TASK INPUTS >>
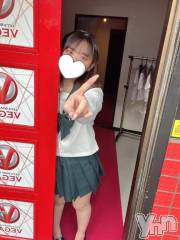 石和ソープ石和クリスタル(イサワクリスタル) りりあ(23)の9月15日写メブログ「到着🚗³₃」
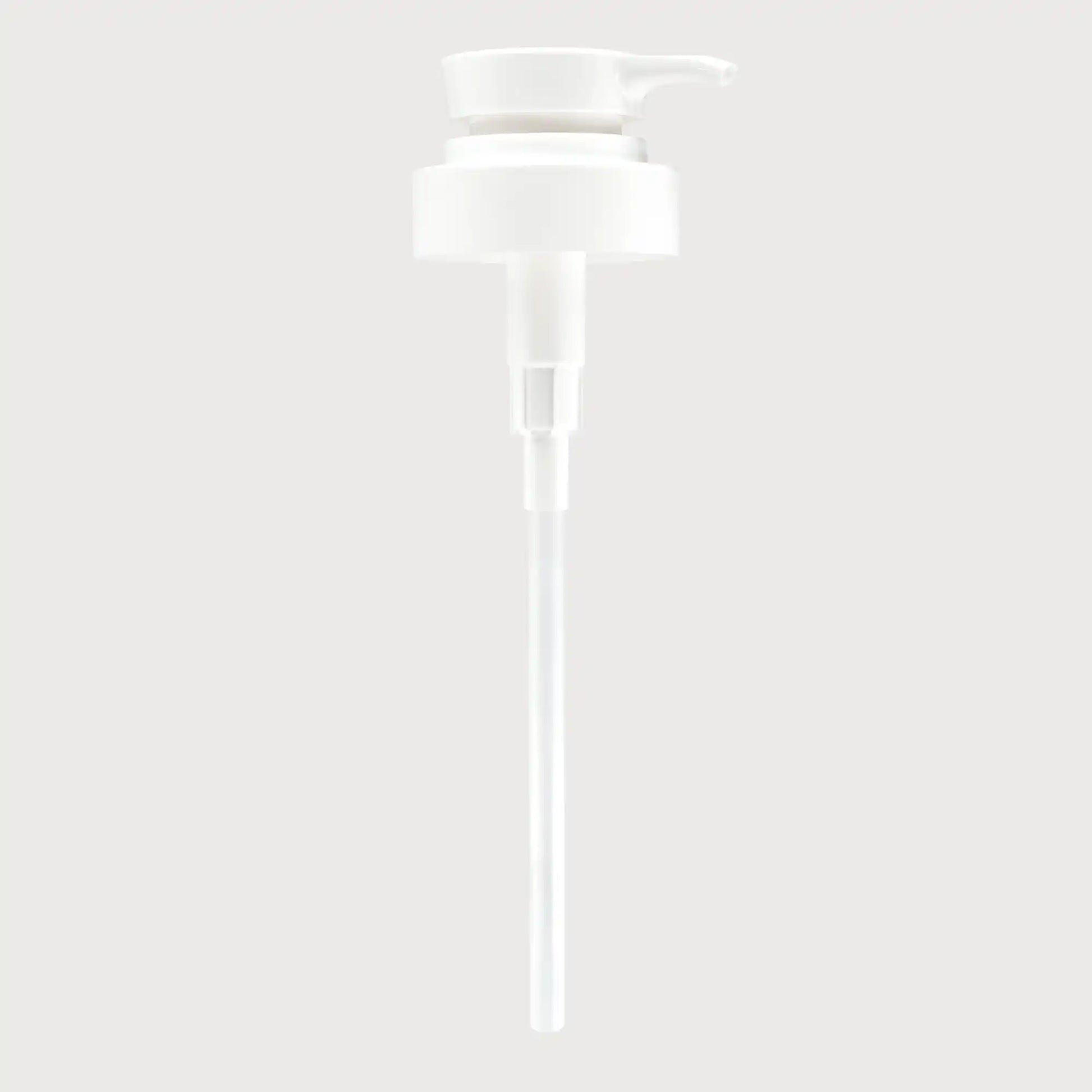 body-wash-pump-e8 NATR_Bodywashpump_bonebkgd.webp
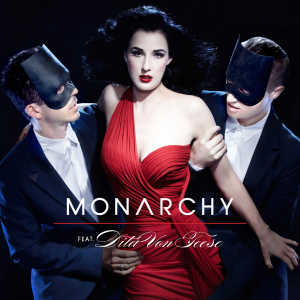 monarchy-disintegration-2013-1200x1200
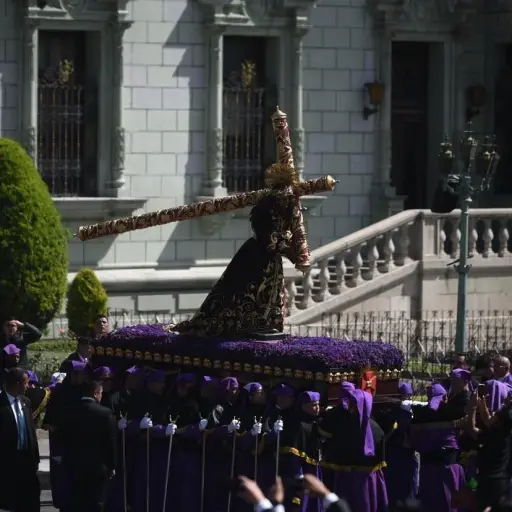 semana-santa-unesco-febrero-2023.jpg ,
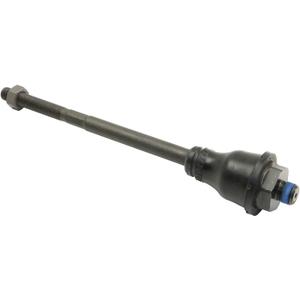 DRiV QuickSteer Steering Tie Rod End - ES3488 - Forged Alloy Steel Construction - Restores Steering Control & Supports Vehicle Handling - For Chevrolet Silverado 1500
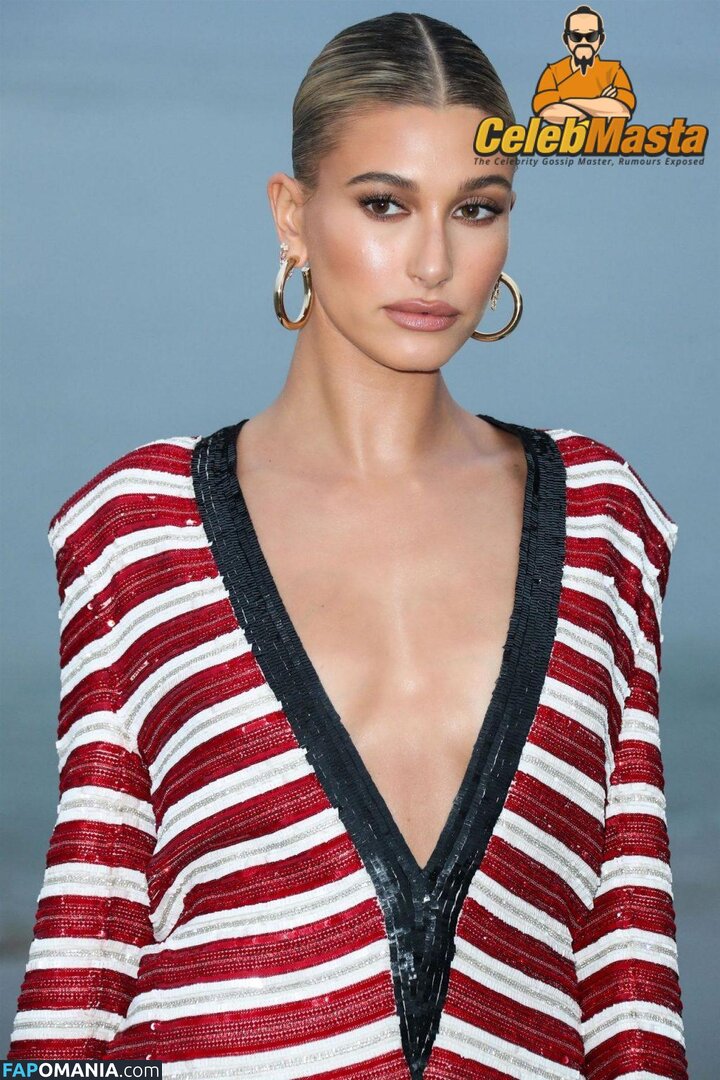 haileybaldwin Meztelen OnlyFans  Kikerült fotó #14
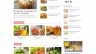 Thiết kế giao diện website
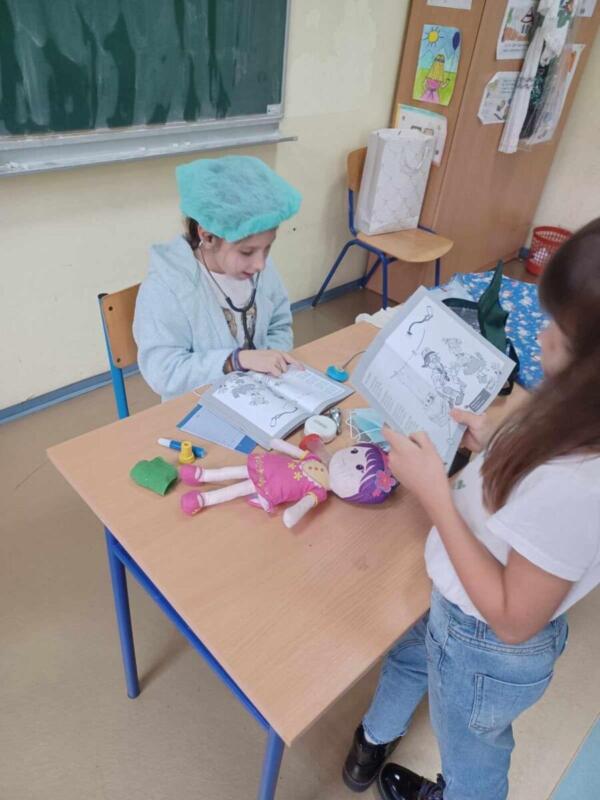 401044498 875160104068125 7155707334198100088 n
==
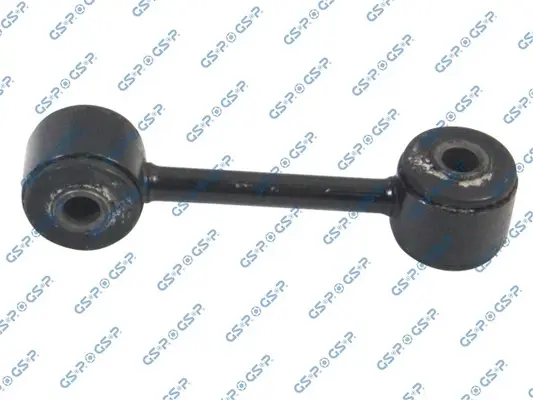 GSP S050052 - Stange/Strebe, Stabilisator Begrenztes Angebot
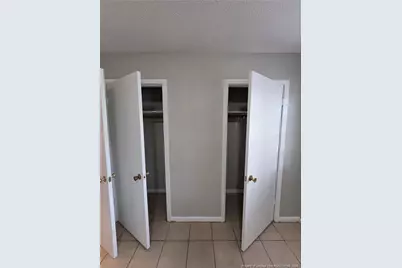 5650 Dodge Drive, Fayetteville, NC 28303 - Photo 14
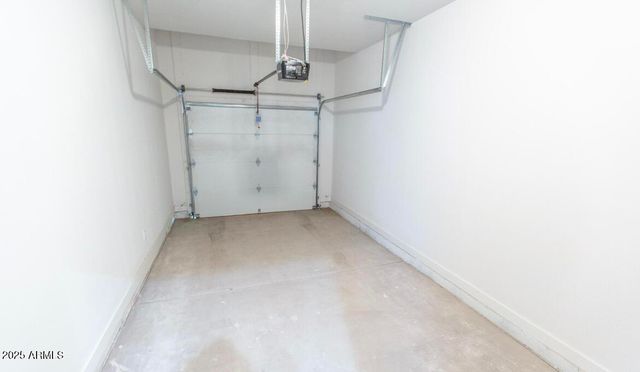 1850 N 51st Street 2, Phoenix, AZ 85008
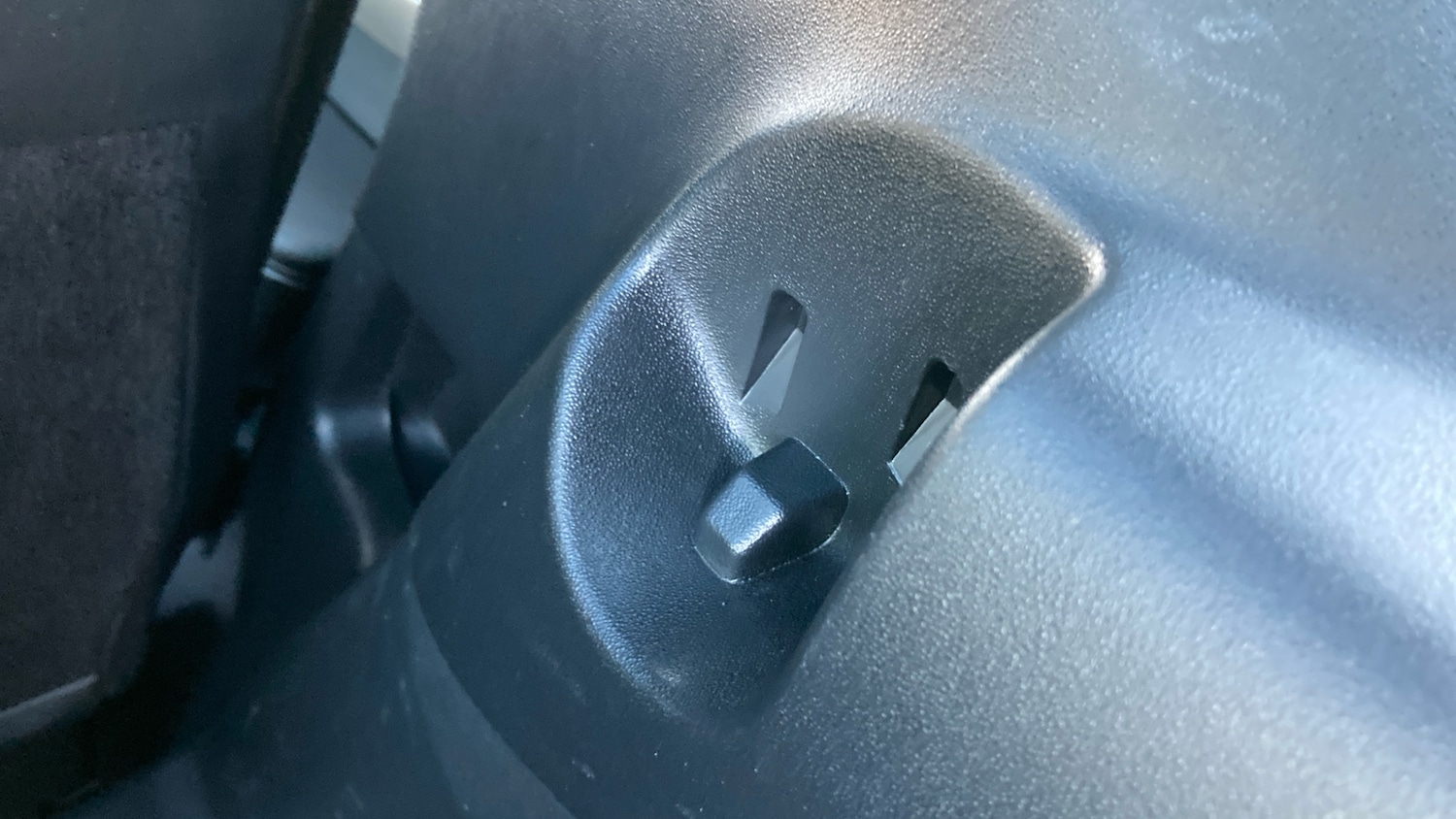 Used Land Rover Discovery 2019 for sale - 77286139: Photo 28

WHAT TO DO >> Would you please repeat only the lines above, beginning at the one that has "GSP S050052 - Stange/Strebe, Stabilisator" and stopping after the one that has "Used Land Rover", exactly and with no pictures?

REPLY >>
 GSP S050052 - Stange/Strebe, Stabilisator Begrenztes Angebot
 5650 Dodge Drive, Fayetteville, NC 28303 - Photo 14
 1850 N 51st Street 2, Phoenix, AZ 85008
 Used Land Rover Discovery 2019 for sale - 77286139: Photo 28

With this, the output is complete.